[comp.unix.wizards] Process restart.

ag@elgar.UUCP (Keith Gabryelski) (11/10/88)

[Follow up to .wizards --kmg]

In article <8831@smoke.BRL.MIL> gwyn@brl.arpa (Doug Gwyn (VLD/VMB) <gwyn>) writes:
>In article <16@elgar.UUCP> ag@elgar.UUCP (Keith Gabryelski) writes:
>>How does one stop a process in a way that it can be restarted after a
>>cold boot?
>
>You obviously can't,

Well, it would seem to me that it would require some kernel hacks, but
is at least feasible.

	Freeze the process.

	Save the relevent information to a file including proc entry,
	user info, file discriptor information, blah, blah, blah.

	Remove the process.

Restoring would have to take into account resources that may no longer
be availble, but it is at least doable, eh?

>in general.

What does `in general' mean?
-- 
ag@elgar.CTS.COM         Keith Gabryelski          ...!{ucsd, jack}!elgar!ag

gwyn@smoke.BRL.MIL (Doug Gwyn ) (11/11/88)

In article <17@elgar.UUCP> ag@elgar.UUCP (Keith Gabryelski) writes:
>>in general.
>What does `in general' mean?

In general, a process is quite a dynamic thing, particular with
respect to its interaction with its environment.  For example,
what is currently displayed on one or more terminal screens
might be important, or input may be coming from another process
via a pipe, etc.  The total amount of information necessary to
restore all relevant factors upon restart is impractical for the
general case.  Only rather simple-minded uses of processes can
be properly restarted from snapshots.

To take a specific example, I defy you to restart a snapshot
of the "layers" program using any general-purpose mechanism.

peter@ficc.uu.net (Peter da Silva) (11/12/88)

In article <16@elgar.UUCP> ag@elgar.UUCP (Keith Gabryelski) writes:
>How does one stop a process in a way that it can be restarted after a
>cold boot?

You can't, in the general case.
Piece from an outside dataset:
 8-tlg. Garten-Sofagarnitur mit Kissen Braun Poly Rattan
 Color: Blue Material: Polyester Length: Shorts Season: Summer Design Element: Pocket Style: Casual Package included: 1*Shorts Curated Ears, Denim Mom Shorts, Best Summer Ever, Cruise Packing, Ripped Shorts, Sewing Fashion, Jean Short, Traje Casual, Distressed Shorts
However it's quite feasible to make a
process snapshot itself so that it can be restarted, so long as it's
willing to re-open its files after restart. This is how the old PDP-11
Adventure program worked. I wrote a variant on this to save precompiled
FORTH executables after porting John James' PDP-11 Forth to Version 7.

Basically, you need to (1) have an 'I am restarting' flag, and...

static int restarted = 0;
void (*restart_func)();
char *restart_files[_NFILE];
char *restart_mode[_NFILE];
long restart_offset[_NFILE];

main(ac, av)
int ac;
char **av;
{
	if(restarted) {
		set restarted to 0.
		re-fopen files, and seek to the saved offsets.
		call saved restart_func.
	}

	...

}

snapshot(func)
void (*func)();
{
	if(!fork()) {
		restarted = 1;
		restart_func = func;
		abort();
	}
	if(!(fp = fopen("core", "r+"))) {
		complain();
		return FAIL;
	}
	convert core header to an a.out header, and set data end
		to _end. 
	fclose(fp);
}
-- 
Peter da Silva  `-_-'  Ferranti International Controls Corporation
"Have you hugged  U  your wolf today?"     uunet.uu.net!ficc!peter
Disclaimer: My typos are my own damn business.   peter@ficc.uu.net

ag@elgar.UUCP (Keith Gabryelski) (11/12/88)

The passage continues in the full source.